I did regret having to be so abrupt and final with Violet. She really was a very thoughtful and beautiful woman, witty and outgoing, but the fact was we had never struck any sparks and I should have admitted it long ago. Besides, how would I ever accommodate her obeisance to her father—or my own?
The birthday table was in a desirable alcove of the restaurant facing the likeness of Christopher Columbus in the circle below. I was seated next to Violet, Papa Dixon on the other side of her. There were ten people at the table: the Dixons, a couple of relatives, Violet’s friends, and me. Wine was being poured, but I noticed there were several of those damn pine sprigs in my glass. I knew the sprigs couldn’t be seen by anyone but me, but I passed on the wine and ordered a double vodka martini to fuel my resolve. Exotic hors d’oeuvres were being passed and the table was coming to life. Birthday toasts were being offered and Violet was responding happily. My resolve to make this night my getaway began to weaken: Maybe not on her birthday, maybe I should wait until tomorrow. I took a liberal pull of my martini and, to my amazement, saw a long file of people coming into our alcove. There were beautifully costumed dancers, four women who waved their lavender scarves like birds above their heads, young people in festive dress who crowded around me, and some men whose clothes looked European. None of them were talking or singing or making any noise whatsoever. I tried to wave away some of those pushing in on me but I couldn’t make contact, and when I tried to look them in the face they turned their heads away. I mumbled something at them, at the same time trying to hear Dr. Brevoro’s It’s just your brain, but it did no good. The oppression around this room full of arriving celebrants was so real it overwhelmed me, and even though Violet was alarmed by my behavior, I couldn’t control myself.
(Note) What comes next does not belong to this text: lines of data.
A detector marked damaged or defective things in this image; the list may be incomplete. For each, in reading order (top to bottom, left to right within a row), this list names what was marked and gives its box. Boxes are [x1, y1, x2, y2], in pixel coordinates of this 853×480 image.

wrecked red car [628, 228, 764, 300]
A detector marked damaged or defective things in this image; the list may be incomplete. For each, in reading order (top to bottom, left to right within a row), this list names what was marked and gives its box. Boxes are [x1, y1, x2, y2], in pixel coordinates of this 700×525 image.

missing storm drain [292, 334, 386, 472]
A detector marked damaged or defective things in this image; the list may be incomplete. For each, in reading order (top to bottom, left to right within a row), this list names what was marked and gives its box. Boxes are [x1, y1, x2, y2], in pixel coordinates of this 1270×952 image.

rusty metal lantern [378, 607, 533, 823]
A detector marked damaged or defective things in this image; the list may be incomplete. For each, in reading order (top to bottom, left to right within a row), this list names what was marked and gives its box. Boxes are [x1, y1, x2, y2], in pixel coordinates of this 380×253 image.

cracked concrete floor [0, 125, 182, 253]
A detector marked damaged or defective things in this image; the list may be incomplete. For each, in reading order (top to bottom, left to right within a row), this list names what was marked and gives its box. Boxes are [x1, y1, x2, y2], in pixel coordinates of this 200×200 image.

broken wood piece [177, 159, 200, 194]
I realized Violet was pulling at my sleeve to stop me from waving my shooing hand at the interlopers, whom, of course, she couldn’t see.
“What’s happening, what’s wrong?” she kept saying.
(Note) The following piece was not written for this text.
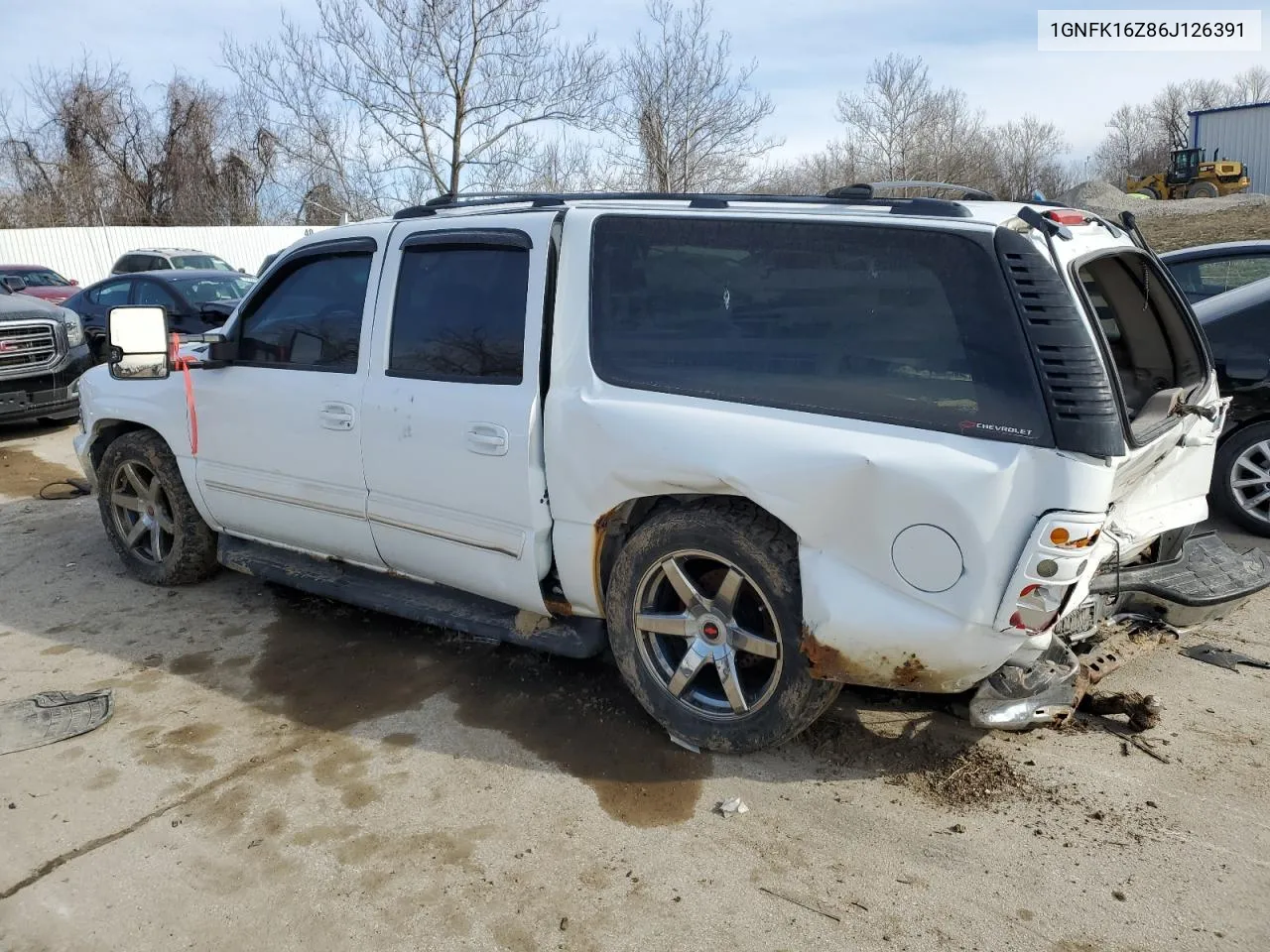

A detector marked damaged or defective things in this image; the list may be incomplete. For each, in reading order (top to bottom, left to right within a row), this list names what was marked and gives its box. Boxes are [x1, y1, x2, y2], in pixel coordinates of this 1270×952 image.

A group of six identical dancers waving fans was moving around me.
Dixon got up and came over. The whole table was now aware of my antics. Dixon leaned over me. “What in the devil’s going on?” he said.
“All right, listen,” I said, knowing that my time had come, “please sit down, Mr. Dixon. I have something to explain about myself. I’m sorry it comes on your birthday, Violet.”
Two waiters entered pushing carts that contained an assortment of the restaurant’s signature dishes.
A quiet hum had descended over the table. Dixon returned to his seat without commenting. The waiters distributed their dishes.
“Okay, Chet,” Dixon said as soon as they departed. “Let’s hear your sob story.”
I gave him a hard look. “Well, it begins with you, Mr. Dixon,” I said, “that time you socked me with a tennis ball and it left me blind in my right eye.”
Dixon pounded his fist on the table, making the plates jump. “It was an ordinary overhead you should have avoided!”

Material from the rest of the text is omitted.